For iOS, I don't believe a capable on-device firewall exists; but even if it did, NSO likely may have compromised it too.

Also: If it amounts to unlawful tapping where you live [0], you may want to consider a legal recourse (like signing up for a class-action?).

[0] https://en.wikipedia.org/wiki/Telephone_tapping#Legal_status

1 comments

I don't believe there are proper application level firewalls. You can however (at least if the entire OS isn't compromised at the time of the network requests) get something which is better than nothing through the private DNS API.

If you configure your own private DNS server over DNS-over-HTTPS, and have your own logging on it, you can review your DNS logs across any devices configured to use it, rapidly.

While keeping a log of your own DNS queries might be a risk for some threat models, if you aren't doing this, chances are you were sending your DNS traffic in the clear to your ISP or mobile operator (or into a VPN provider of questionable trust). You probably aren't a huge amount more exposed by logging it for yourself.

This let me check for any of the IOC domains given in the write-up. While no doubt there will be attacks which could override the provisioning profile that forces this DNS to be used, it would still need to get into the system without making a query that's part of the IOCs. That limits attack vectors a fair bit - the payloads here seemed to do a fair bit of network-based fetching of subsequent payloads. The hostnames of these requests should be logged on your DNS and enable you to rapidly confirm if exposed.

As a bonus you can do host level ad blocking via this DNS server, which should definitely be the minimum you do if you're concerned about skilled attacker threat models - code execution in the browser via a delivered ad isn't something you want to make easy!

> If you configure your own private DNS server over DNS-over-HTTPS, and have your own logging on it, you can review your DNS logs across any devices configured to use it, rapidly.

Pegasus can always DoH its DNS queries to a server of its choosing bypassing any and all network-wide / os-wide DNS settings. Granted IoCs can be set to flag such behaviour. Besides, DNS and ICMP can be additionally be used to siphon off data too.

When used carefully, IP firewalls make for a good defence.

> ...if you're concerned about skilled attacker threat models - code execution in the browser via a delivered ad isn't something you want to make easy!

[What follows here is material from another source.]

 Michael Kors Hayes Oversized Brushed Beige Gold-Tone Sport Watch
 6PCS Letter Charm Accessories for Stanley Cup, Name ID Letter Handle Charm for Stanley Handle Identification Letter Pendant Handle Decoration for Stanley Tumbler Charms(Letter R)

True. If NSO group is in your threat-model, it definitely warrants extreme paranoia and caution.

Good point - perhaps didn't make the limitations clear enough though - this would only help if the early payload gets delivered through a request made to a remote server (which inherently goes through default system DNS).

That's a fairly common compromise model though in my view - a message might contain a URL, and your phone might locally do a fetch of it to prepare a pretty preview, and that might try to exploit some weakness in the browser engine or whatever.

Given this was delivered via iMessage you're right - once they have code execution, the attacker can evade your DNS. If they can't get enough code in through their initial method to get their own DNS going, they might send a dropper which then pulls more code in from elsewhere, and that may give you an IOC to detect from that first query. If they can front their content on a popular domain though, this won't help.

Definitely favour network level protections before doing this, but if you just want the ability to get a view of your own DNS traffic from your device when it moves across WiFi and mobile data, this will give you a starting point.